WHAT IS NEEDED — Using the material that follows, output exactly the lines from the one containing "Beach scene in" through the one containing "Custodia rosa per", with both ends kept.

LISTED RECORDS —
• • • •

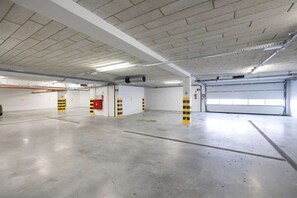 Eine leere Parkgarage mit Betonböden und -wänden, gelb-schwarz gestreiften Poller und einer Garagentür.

• • • •

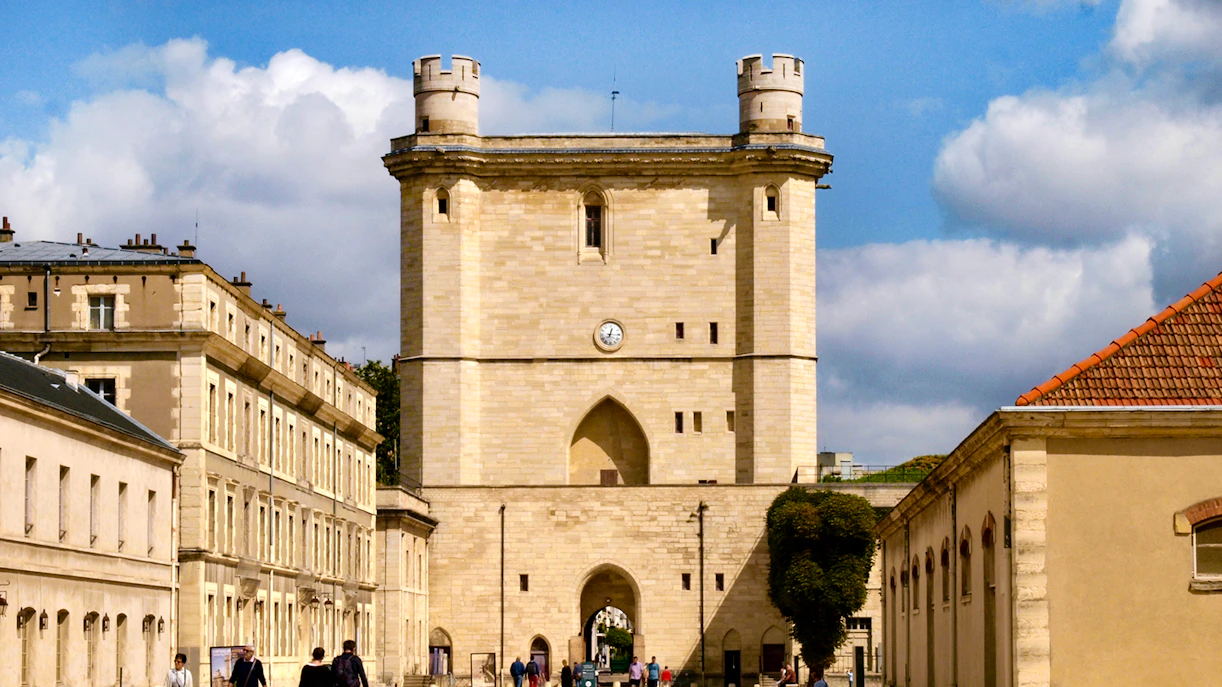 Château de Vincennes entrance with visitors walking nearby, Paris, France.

• • • •

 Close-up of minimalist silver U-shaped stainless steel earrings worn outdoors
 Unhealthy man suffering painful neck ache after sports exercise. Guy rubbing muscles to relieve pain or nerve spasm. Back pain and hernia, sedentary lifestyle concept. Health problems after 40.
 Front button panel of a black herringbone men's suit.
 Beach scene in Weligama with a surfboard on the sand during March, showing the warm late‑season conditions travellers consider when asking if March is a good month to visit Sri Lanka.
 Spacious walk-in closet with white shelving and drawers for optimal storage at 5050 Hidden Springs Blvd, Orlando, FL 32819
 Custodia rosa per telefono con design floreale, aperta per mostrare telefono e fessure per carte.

• • • •

YOUR RESPONSE —
 Beach scene in Weligama with a surfboard on the sand during March, showing the warm late‑season conditions travellers consider when asking if March is a good month to visit Sri Lanka.
 Spacious walk-in closet with white shelving and drawers for optimal storage at 5050 Hidden Springs Blvd, Orlando, FL 32819
 Custodia rosa per telefono con design floreale, aperta per mostrare telefono e fessure per carte.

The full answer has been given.